# Milling Stumps . .



## TexasTimbers (Oct 17, 2006)

I've been wrestling one on the mill for a couple hours, and started to name this thread "Stump Wrestling" or "Get a Bigger Hammer" because it is so danged ungainly and bizarre on the fell cuts and what-not I couldn't use my hydraulics to move it. Wrestling logs and stumps is keeping me young -- but making me feel real old at night. 

Actually it's been two hours *off and on* . . . I had a neighbor come to visit for a couple hours just as I was getting it whittled down fairly decent. Fixing to get back out there and rip some pepper mill and bowl blanks. I was expecting more out of this stump but it ain't bad, just figured it would have more figure -- it's a crotch stump after all. I had end-grain table top plans for this stump but I had to cut it long grain to fill an order. It was getting too dry too fast anyway it need to be taken apart. 

I had just got through bragging to Daren this a.m. about how I've been having such success with freehand sharpening on my band mill blades . . . but when I was ripping this stump I noticed the blade developed a tip outside the set for some reason, and it was leaving a real nice line. :thumbdown: 

Just wanted to contribute a thread -- I don't start many so just trying to haul my weight . . . . . . .


----------



## Daren (Oct 14, 2006)

TexasTimbers said:


> "Stump Wrestling"... is keeping me young -- but making me feel real old at night.


...this one cracked one of my ribs :icon_sad:...


----------



## TexasTimbers (Oct 17, 2006)

TexasTimbers said:


> . . . I couldn't use my hydraulics to move it. . . . .


After seeing your post I just imagined you maybe reading that part and thinking what a spoiled brat I am because "I don't have my hydraulics" :icon_cry: :lol:

I'm uploading some pics right now nothing to write home about but better than salt grass I guess. 

Yeah that mother looks like a rib-breaker for sure. Glad it wasn't a toe they are much worse believe me.


----------



## jeffreythree (Jan 9, 2008)

TexasTimbers said:


> . . . but when I was ripping this stump I noticed the blade developed a tip outside the set for some reason, and it was leaving a real nice line. :thumbdown:


You should see what bands look like after milling bois d'arc stumps after who knows how many years out of the ground drying. :laughing:


----------



## TexasTimbers (Oct 17, 2006)

jeffreythree said:


> You should see what bands look like after milling bois d'arc stumps after who knows how many years out of the ground drying. :laughing:


If anyone knows brother, it's me. :yes:


----------



## beelzerob (May 2, 2010)

As they say, it didn't happen unless there's pictures. Come on TT, your guy's pics of milled wood is what keeps me punishing my Grizzly bandsaw with black locust logs. I never knew how fun it was to saw open a log just to see whats there!


----------



## TexasTimbers (Oct 17, 2006)

This is essentially ripping with a bandsaw. Slang for it in sawyer-speak is "making french fries". 

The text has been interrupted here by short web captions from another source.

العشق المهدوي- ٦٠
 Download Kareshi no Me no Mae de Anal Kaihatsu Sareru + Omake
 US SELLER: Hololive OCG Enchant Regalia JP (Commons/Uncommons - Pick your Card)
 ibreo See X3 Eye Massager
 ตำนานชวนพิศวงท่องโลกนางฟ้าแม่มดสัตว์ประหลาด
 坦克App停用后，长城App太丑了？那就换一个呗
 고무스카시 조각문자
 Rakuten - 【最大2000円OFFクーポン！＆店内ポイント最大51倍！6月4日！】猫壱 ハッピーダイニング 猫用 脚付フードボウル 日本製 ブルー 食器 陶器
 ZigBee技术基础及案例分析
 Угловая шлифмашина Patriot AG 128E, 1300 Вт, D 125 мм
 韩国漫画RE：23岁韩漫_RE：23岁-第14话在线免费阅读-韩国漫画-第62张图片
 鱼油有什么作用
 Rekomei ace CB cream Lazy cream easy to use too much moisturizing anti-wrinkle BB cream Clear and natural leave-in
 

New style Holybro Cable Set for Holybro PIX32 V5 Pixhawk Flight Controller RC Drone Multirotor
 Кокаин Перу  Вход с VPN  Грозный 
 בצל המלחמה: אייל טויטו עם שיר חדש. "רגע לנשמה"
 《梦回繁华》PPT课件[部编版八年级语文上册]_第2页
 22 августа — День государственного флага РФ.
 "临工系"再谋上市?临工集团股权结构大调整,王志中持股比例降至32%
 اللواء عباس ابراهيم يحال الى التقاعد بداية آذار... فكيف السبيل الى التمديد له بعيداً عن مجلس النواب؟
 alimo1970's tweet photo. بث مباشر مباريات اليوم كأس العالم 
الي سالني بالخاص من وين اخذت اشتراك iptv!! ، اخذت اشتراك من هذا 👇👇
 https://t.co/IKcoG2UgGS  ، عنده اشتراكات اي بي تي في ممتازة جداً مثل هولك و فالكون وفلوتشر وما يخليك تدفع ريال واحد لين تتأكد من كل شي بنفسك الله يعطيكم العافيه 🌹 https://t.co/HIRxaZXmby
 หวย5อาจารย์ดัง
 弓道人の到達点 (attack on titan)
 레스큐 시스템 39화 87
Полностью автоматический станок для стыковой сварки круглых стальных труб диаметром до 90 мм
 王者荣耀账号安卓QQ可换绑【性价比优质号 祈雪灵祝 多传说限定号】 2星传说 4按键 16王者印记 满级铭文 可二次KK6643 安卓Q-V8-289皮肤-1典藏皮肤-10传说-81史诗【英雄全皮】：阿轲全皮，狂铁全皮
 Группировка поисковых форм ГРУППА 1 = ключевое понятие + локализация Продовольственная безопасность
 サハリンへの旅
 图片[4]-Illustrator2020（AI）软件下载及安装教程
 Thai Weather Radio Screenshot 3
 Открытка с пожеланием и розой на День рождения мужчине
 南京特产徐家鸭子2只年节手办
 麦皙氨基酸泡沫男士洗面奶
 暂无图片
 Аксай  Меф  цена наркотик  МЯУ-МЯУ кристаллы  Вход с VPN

Making pepper mill blanks . . . 








Like I said nothing fancy but better than a poke in the eye.


----------



## beelzerob (May 2, 2010)

That's really how the wood looks, or did you accidentally bleed all over it? That's ridiculous how red that is.


----------



## Daren (Oct 14, 2006)

TexasTimbers said:


> This is essentially ripping with a bandsaw. Slang for it in sawyer-speak is "making french fries".


Nice stump. Yea those long shavings coming out are funny looking aren't they when we are used to fine dust. I have been playing more with my mill lately making cuts we are not supposed to make, like cross grain. You have more HP than I do, my little mill doesn't like to make wide cross grain cuts on hardwood. She does it, but I have to feed slow.


----------



## drcollins804 (Jan 11, 2008)

beelzerob said:


> That's really how the wood looks, or did you accidentally bleed all over it? That's ridiculous how red that is.


Thats really how it looks. follow his flame box elder link at the bottom of his posts and take a look.
David


----------



## Streamwinner (Nov 25, 2008)

*cosmic correlate*

This picture looks like the gas pillars in the Pillars of Creation, with a little underworld design:


----------



## beelzerob (May 2, 2010)

I was thinking it looked more like a bat.


----------